Ghana could end child labour on cocoa farms by increasing the prices it pays impoverished farmers by about 50 per cent, a US study said on Wednesday, as global efforts to end child labour stall.

Paying just three per cent more at the farm gate could stop children in Ghana doing the most hazardous tasks, like using machetes, or working more than 42 hours a week, researchers said, as the illegal practice is driven by poverty and rarely prosecuted.

Cocoa beans

Dried cocoa beans are packed in hessian sacks on a cocoa farm near Amankwakram in Western Ghana on the border with Ivory Coast on 14th February, 2011. PICTURE: Reuters/Hereward Holland

“We figured there has to be some kind of incentive, on top of the laws, to get the farmers to stop using child labour,” said Jeff Luckstead, an agricultural economist at the University of Arkansas, co-author of the study in the journal PLoS ONE.

“It’s a really difficult issue because these are very poor farmers…They don’t have many options – they can’t just go and hire people,” he told the Thomson Reuters Foundation.

Ghana is the world’s second largest cocoa grower, with more than 700,000 children producing the crop, often doing dangerous jobs on family farms like carrying heavy loads or using sharp tools, the anti-slavery group Walk Free Foundation says.

Big chocolate makers have been under pressure to clean up their supply chains since reports of child labour on West African cocoa farms emerged in the 1990s, with major names like Mars and Hershey promising to only buy ethical cocoa by 2020.

The International Labour Organization has said the world is unlikely to meet a target of ending child labour by 2025, which is part of 17 global development goals agreed in 2015 at the United Nations.

Researchers came up with the price premiums by analysing data between 2003 and 2015, including household budgets, cocoa prices and production and children’s education and leisure time.

While recognising a 50 per cent price increase was “implausible”, the study suggested that Ghana could become more competitive globally if it could certify its cocoa as “child labour-free”.

All cocoa produced in Ghana is sold to the regulator, COCOBOD, which paid farmers 7,600 cedi ($US1,435) per tonne last year. Ghana exports almost 20 per cent of global cocoa output of some 4.8 million tonnes a year.

Most cocoa farming families live below the World Bank’s poverty line of $US2 a day, according to the charity International Cocoa Initiative, fuelling child labour.

But Genevieve LeBaron of Britain’s Sheffield University, who was not part of the study, said the key to ending poverty among cocoa farmers was not necessarily raising COCOBOD’s prices but fairer distribution of profits within the chocolate sector.

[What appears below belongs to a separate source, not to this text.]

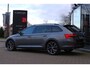 Skoda Superb Combi 1.4 TSI 218 PK iV Sportline BNS PHEV, Trekhaak, Memory, 4 x Stoelverwarming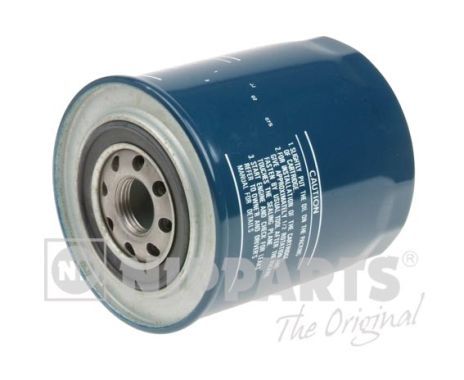 Filtr oleju NIPPARTS J1319004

The global chocolate industry was worth about $US85 billion in 2018, and is projected to jump to $US102 billion by 2022, according to leading research firm Mintel. 

“If you look at the annual profits of the largest cocoa and chocolate confectionary companies in the world, there’s plenty of money in that supply chain that could be redistributed downwards along the value chain,” said the politics professor.